** Opening Stored data block **
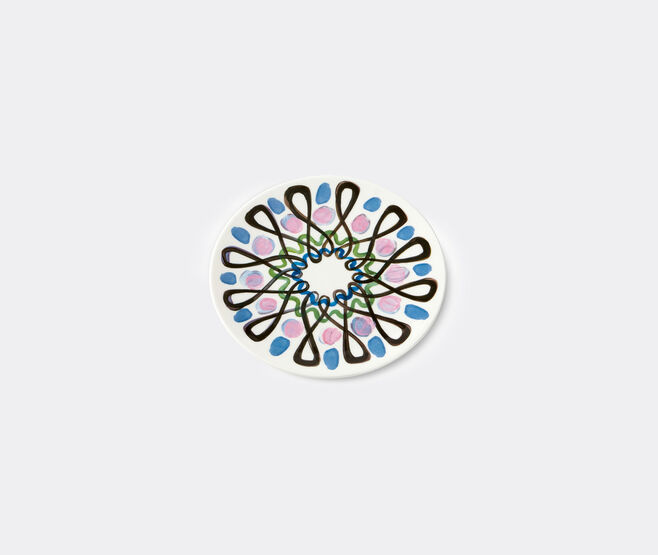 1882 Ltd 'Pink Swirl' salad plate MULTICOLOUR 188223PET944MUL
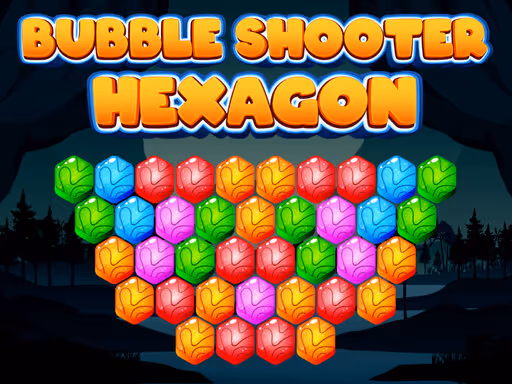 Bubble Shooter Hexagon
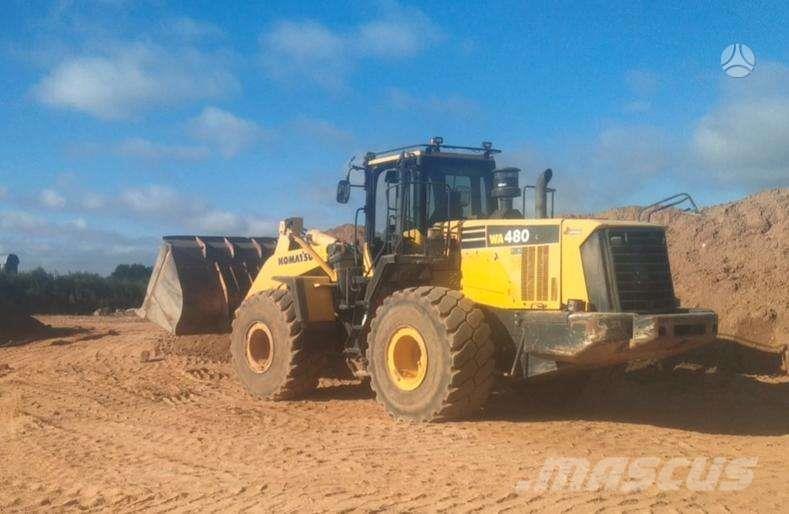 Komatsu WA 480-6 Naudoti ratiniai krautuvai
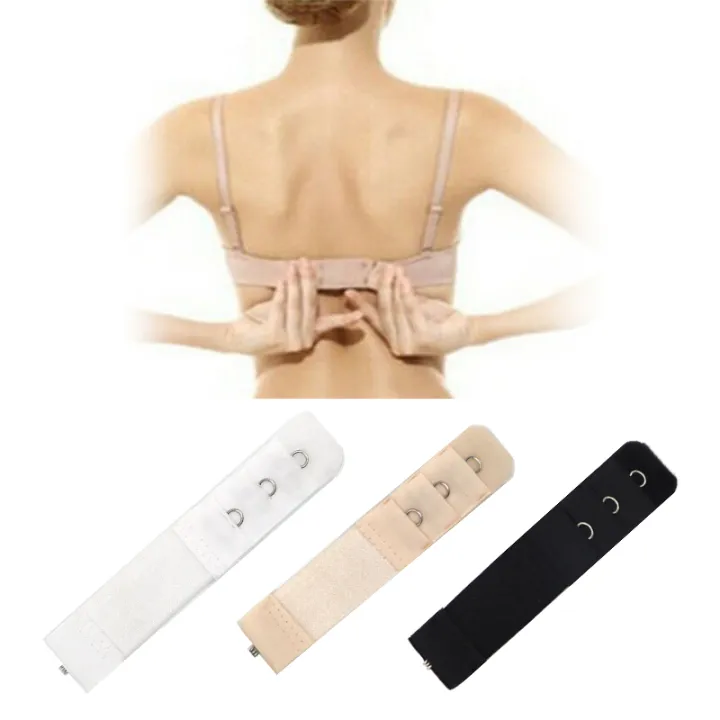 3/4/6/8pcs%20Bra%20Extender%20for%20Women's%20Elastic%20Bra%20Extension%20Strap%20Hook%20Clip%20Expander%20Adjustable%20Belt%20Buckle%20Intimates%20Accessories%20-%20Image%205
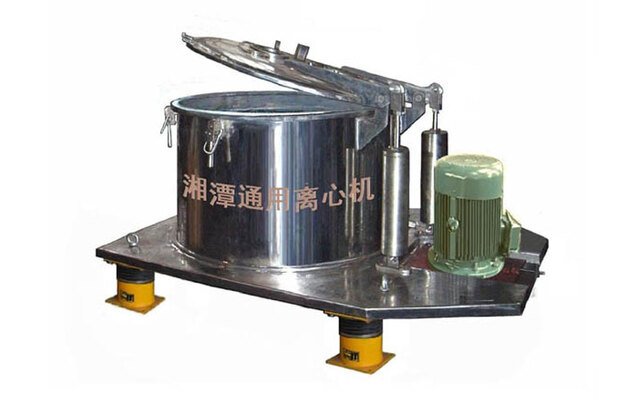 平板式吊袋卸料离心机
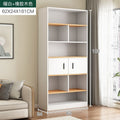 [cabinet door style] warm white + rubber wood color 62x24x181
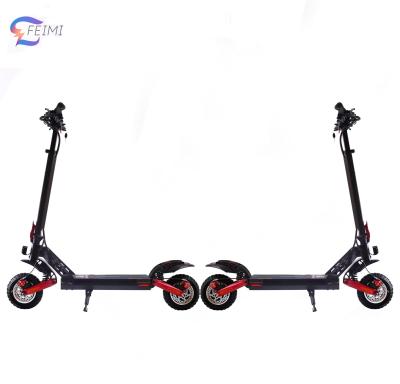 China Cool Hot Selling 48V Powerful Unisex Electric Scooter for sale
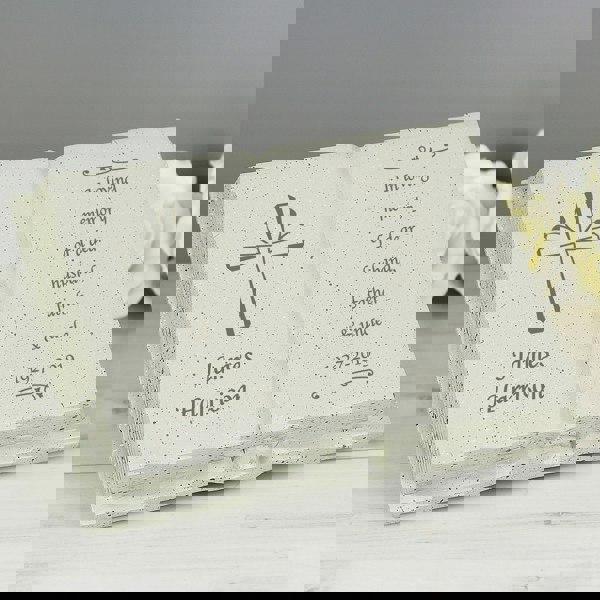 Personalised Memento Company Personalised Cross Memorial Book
** Closing Stored data block **
**Instructions for the task**
Take the material above from its first line through the line holding "[cabinet door style]" and set it down exactly, without the pictures.

**Answer**
 1882 Ltd 'Pink Swirl' salad plate MULTICOLOUR 188223PET944MUL
 Bubble Shooter Hexagon
 Komatsu WA 480-6 Naudoti ratiniai krautuvai
 3/4/6/8pcs%20Bra%20Extender%20for%20Women's%20Elastic%20Bra%20Extension%20Strap%20Hook%20Clip%20Expander%20Adjustable%20Belt%20Buckle%20Intimates%20Accessories%20-%20Image%205
 平板式吊袋卸料离心机
 [cabinet door style] warm white + rubber wood color 62x24x181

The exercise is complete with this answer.